Follows an introductory example illustrating their use:

rA = luagravity.create(
    function ()
        print 'a1'     -- sub-node (1)
        luagravity.await(rB)
        print 'a2'     -- sub-node (2)
    end)

rB = luagravity.create(
    function ()
        print 'b'
    end)

luagravity.link('eA', rA)

We define two reactors rA and rB, linking the string event 'eA' to rA. This way, rA executes and prints 'a1' whenever 'eA' is triggered, due to the link between them. Then, rA awaits the execution of rB. When rB is executed somewhere, it prints 'b' and awakes rA, which now prints 'a2'.

The call to await saves the continuation of the running reactor before suspending it, keeping the locals and point of suspension to be restored on resume. The graph is commented further. (For experienced programmers: The await call yields control from the running reactor back to the scheduler, telling what should resume itself later.)

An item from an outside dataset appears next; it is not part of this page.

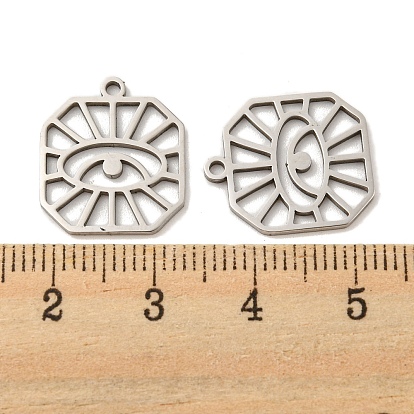 316 Surgical Stainless Steel Pendants, Laser Cut, Octagon with Eye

As the example shows, string events or reactors can be used as conditions in links and await calls.

The primitive post is used to generate string events:

luagravity.link('key.A', function(key) print(key..' '..pressed))
luagravity.post('key.A')
-- yields "key.A pressed"

Reactors executes implicitly, as consequence of links; or explicitly, as shown further.

The Reactive Scheduler

In LuaGravity, a program is a dynamic dependency graph of reactors waiting for external changes to react. In the graph, nodes are reactors with dependency relations represented by directed edges connecting them.

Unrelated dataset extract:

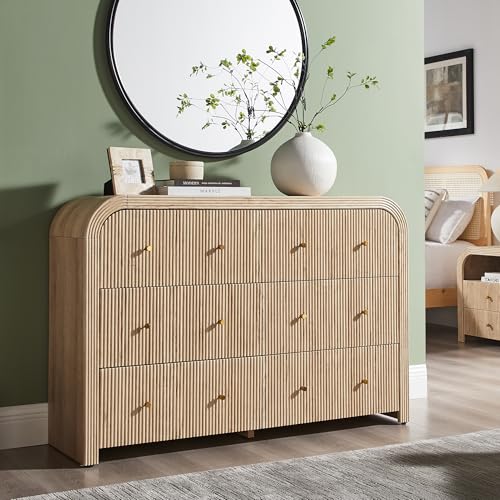 T4TREAM Fluted 6 Drawers Dresser for Bedroom, 54″ Wide Modern Chest of Drawers with Thickened Curved Profile Design, Wood Dressers TV Stand for Bedroom, Living Room, Hallway, Natural Oak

The scheduling policy of reactors is determined only by the dependency graph, leading to what we call a reactive scheduler.

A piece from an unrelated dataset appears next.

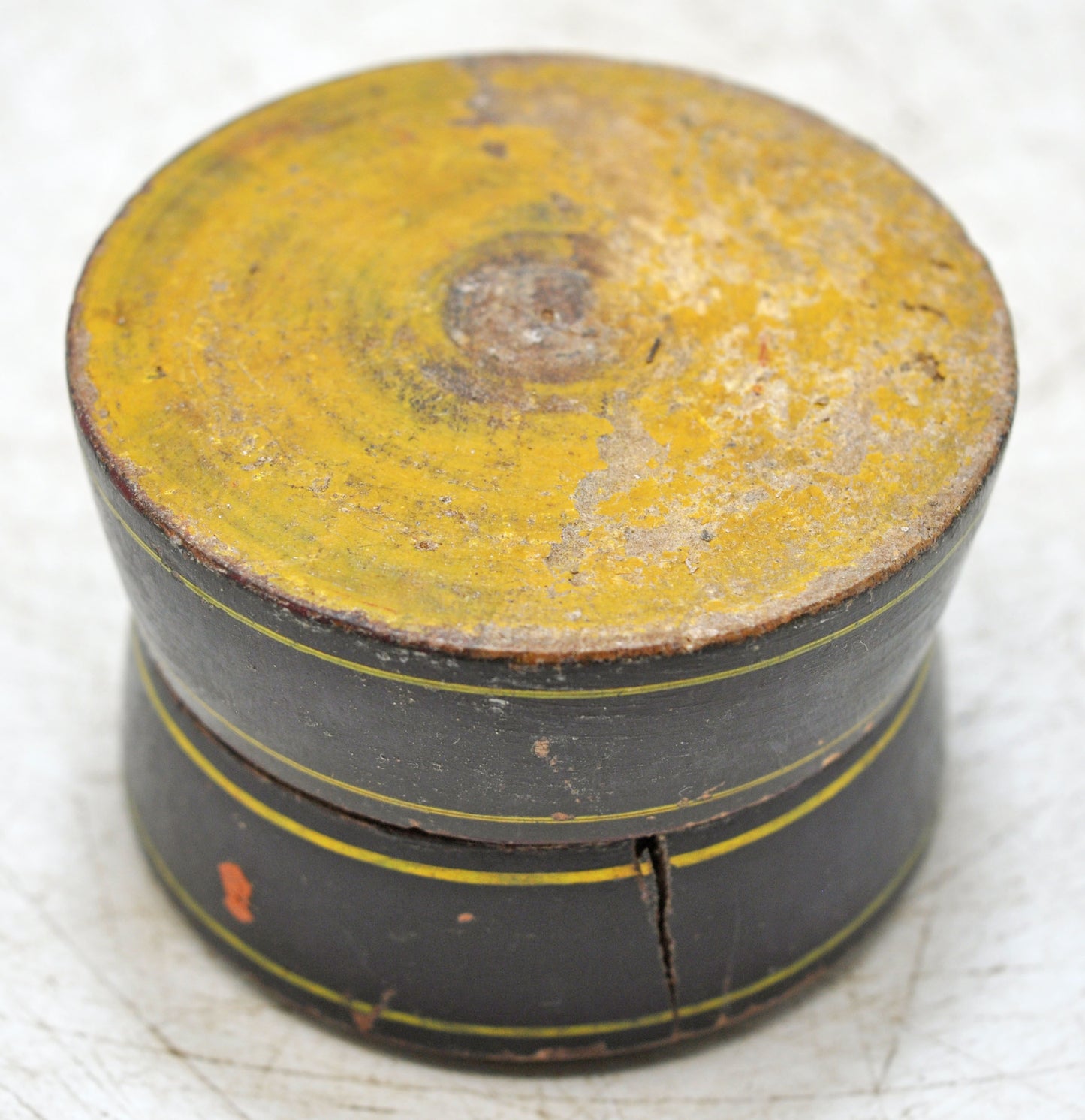 Antique Wooden Lacquer Painted Kum Kum Powder Tika Box Original Old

Starting from an external stimulus, the scheduler traverses the graph running all dependent reactors until it reaches "leaf" reactors. We call this process a full propagation chain, which takes an infinitesimal time to complete. A full propagation chain is also our definition for an instant within the notion of discrete time of synchronous languages.

The two reactivity primitives are responsible for populating the dependency graph with respective kinds of edges:

  • Link edges: Created by link(X,Y) calls. The edge connects the reactor X (source reactor) to Y (destiny reactor) so that when the source reactor terminates successfully, the destiny reactor is implicitly triggered.
  • Await edges: Created by await(X) calls. The edge connects X (reactor to await) to the continuation of the reactor being suspended. Await edges are temporary, as the scheduler removes them as soon as the suspended reactor is awakened.

In both cases, the parameter X can also be a string event.

In the dependency graph for introductory example the sub-nodes 1 and 2 represent the code chunks of reactor rC separated by the call to await.

Spawning Reactors

Reactors may be explicitly spawned from inside other reactors. The spawn(r) primitive acts like a fork, instantaneously scheduling the reactor passed as parameter and the continuation of the calling reactor to run concurrently.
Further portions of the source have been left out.